Maulen Sagatkhanovich Ashimbayev (, , born 28 January 1971) is a Kazakh politician serving as Chair and member of the Senate of Kazakhstan. He served as the First Deputy Head of the Presidential Administration from 2019 to 2020, Assistant to the President of Kazakhstan in 2019, First Deputy Chairman of Nur Otan from 2018 to 2019 and member of the Mazhilis from 2016 to 2018.

Biography

Early life and education 
Born in Alma-Ata in 1971, Ashimbayev graduated from the Al-Farabi Kazakh National University with a degree in economics and was a professor in Political Economy. 
In 2001, he earned a candidate in Political Sciences with his thesis “Political Transit in Kazakhstan in the Context of Global Democratization Processes”. In 2003, Ashimbayev studied at the Paul H. Nitze School of Advanced International Studies of the Johns Hopkins University in Baltimore, where he earned a scientific internship. From 2015 to 2016, he attended the Fletcher School of Law and Diplomacy of the Tufts University in Medford, Massachusetts, earning a master's degree in international relations.

Political career 
From 1993 to 1994, Ashimbayev worked in the system of the Ministry of Press and Mass Media. In 1994, he became the Assistant to the Deputy of the Supreme Council
From June to November 1995, Ashimbayev was the consultant to the Apparatus of the Security Council. From 1995 to 1999, he was a senior expert, sector manager, first deputy head of the Center for Analysis and Strategic Studies of the Presidential Administration of Kazakhstan. In 1999, Ashimbayev became the Head of the Analytical Center of the Security Council of Kazakhstan. In 2002, he became the director of the Kazakhstan Institute for Strategic Studies under the President of Kazakhstan.

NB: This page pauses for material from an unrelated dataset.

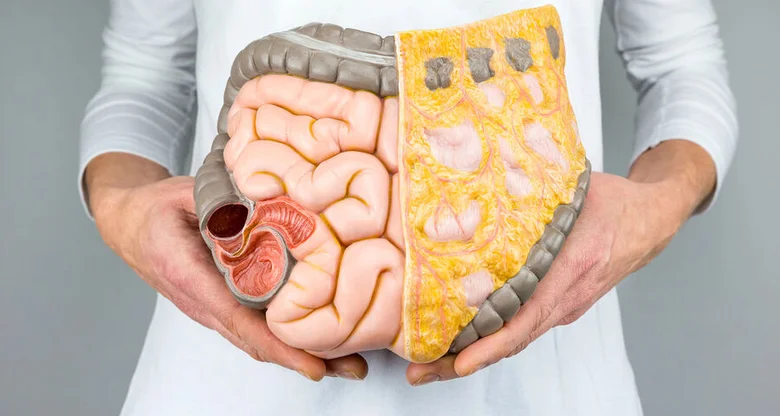 Anatomický model břicha ukazující vnitřní orgány a tukové vrstvy.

In May 2005, Ashimbayev was deputy secretary of the Security Council. In 13 April 2006, he became the deputy head of the Presidential Administration of Kazakhstan.

In the 2012 Kazakh legislative election, Ashimbayev was elected as the member of the Mazhilis as chairman of the Committee on International Affairs, Defense and Security. He was reelected again in 2016 and served as the chairman of the Committee on Foreign Affairs, Defense and Security.

On 4 May 2020, Ashimbayev was appointed by President Kassym-Jomart Tokayev to succeed Dariga Nazarbayeva as the Chair of the Senate of Kazakhstan and was unanimously confirmed by the Senate.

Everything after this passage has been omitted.